Ronald Reagan may have delivered the eulogy of the liberal majority in 1980, but the collapse of the New Deal coalition began 12 years earlier. The end of the "liberal moment," as The Washington Post's E.J. Dionne calls it, came in 1968. The harbinger of the fall was Richard Nixon and the tolling of the bell could be heard in the gunshots that struck down Martin Luther King Jr. and Bobby Kennedy.
In his "Southern Strategy," Nixon mortally wounded the New Deal coalition that dominated American politics since 1932. After stunning liberal victories in the Great Society, Dixie bolted the party and poor whites became the base of the conservative ascendency that is with us today. Recalling two milestones from this week may be instructive of how the upheaval came to be.
Friday was the anniversary of King's death. Forty years and one day after the assassination, this past Saturday, Charlton Heston died. Their stories are more connected than you might think.

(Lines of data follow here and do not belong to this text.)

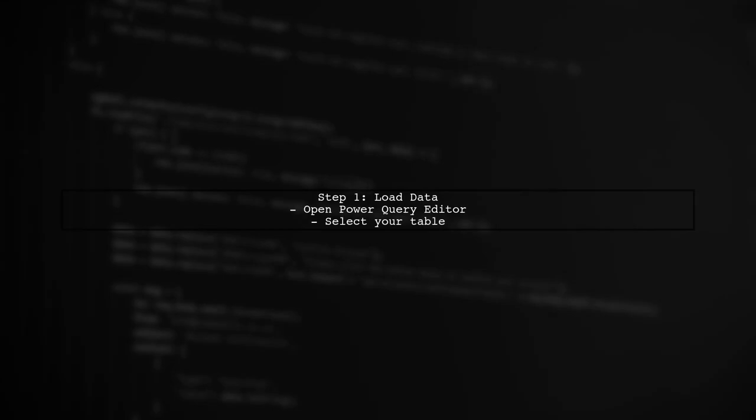To concatenate grouped values in Power Query, we first need to load our data into the Power Query editor. Let's start by selecting our table.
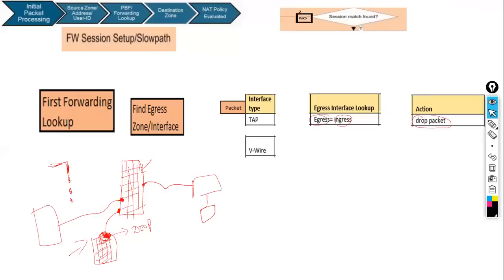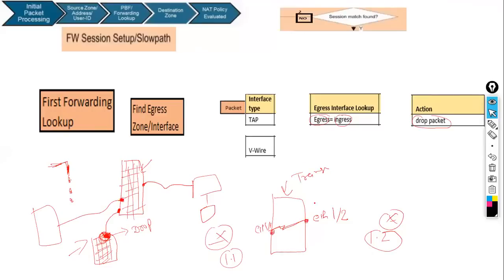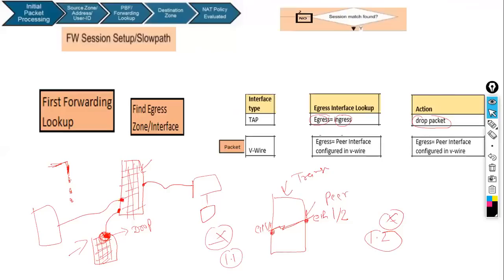In vwire (virtual wire) mode, the firewall works as a transparent firewall. For example, ethernet1/1 and ethernet1/2 form a vwire pair — two routers with IPs 192.168.1.1 and 192.168.2.x can still ping each other with the firewall transparently in between. In vwire mode, you define your own egress interface — the peer interface is always the egress interface. So if a packet comes into your vwire, the egress equals the peer interface, defined by you in the virtual wire configuration.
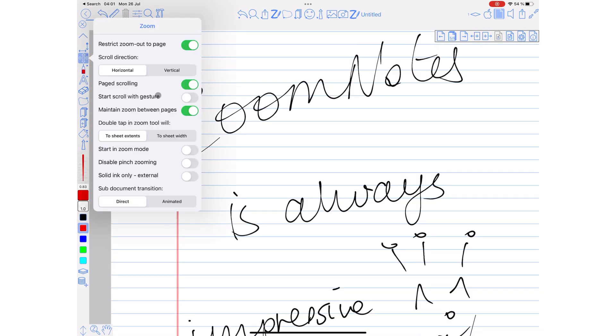We've not been able to understand one feature: Start Scroll with Gesture. No matter what we've tried, we can't seem to see its purpose. If you know how this feature works, please let us know in the comment section down below.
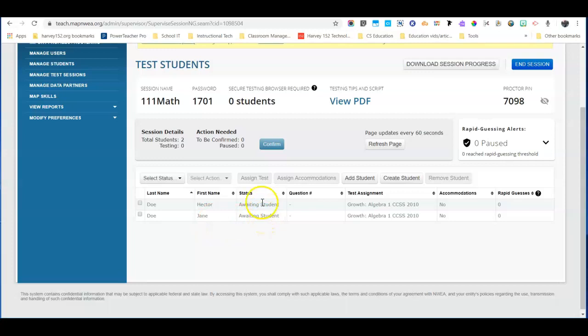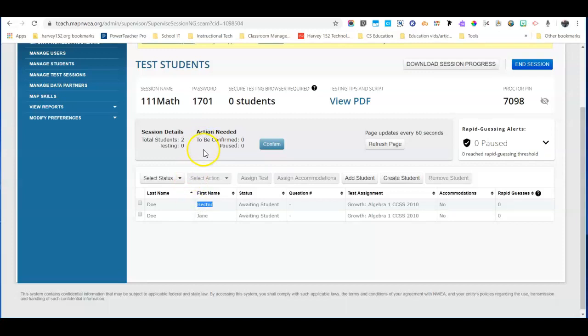They'll log in just as they did before. You'll confirm those students just as before, and Hector will start right where he left off when his test was suspended. That's it for ending a test session in MAP.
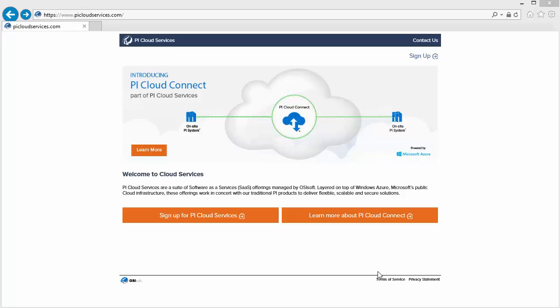It's important to note that the signup process breaks down into two different aspects. The first person to sign up for Pi Cloud Connect at your company creates your company's tenant workspace in the Pi Cloud Connect portal. After that, additional users are added from the portal itself. In this video, we'll start with the initial process of signing up for Pi Cloud Connect and creating that tenant space, and then we'll look into adding additional users through the portal.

Heston was very much an American icon. An an actor, he will be remembered for epic roles as Moses, Ben-Hur and a man trapped on the Planet of the Apes. His legacy as a political activist will be harder to sum up.
His later years were dominated by his outspoken support for the Second Amendment, including his presidency of the National Rifle Association. He was also vocal about his opposition to affirmative action and President Clinton. Earlier, he was a staunch opponent of Communism.
Yet Heston also lent his fame to social justice. In 1961, he joined a picket line at a segregated theater premiering one of his movies. He marched with Martin Luther King Jr. in Washington in 1963, wearing a sign that read "all men are created equal." Heston also opposed the Vietnam War and supported the presidential ambitions of Democrats Adlai Stevenson and John F. Kennedy.
So why did Heston become a right-wing icon? Did Heston's politics even change all that much? Perhaps his political evolution is not too different from that of the southern whites who have handed Republicans the White House seven times from 1968 on.
The late 1960s were plagued by increasing crime and violence in the form of riots. Even though many of these race riots were in fact the acts of whites angered by the Civil Rights Movement, there was violence on both sides. The Republicans exploited white fears of social disorder -- which were both real and imagined -- dislodging the law and order vote from Democrats.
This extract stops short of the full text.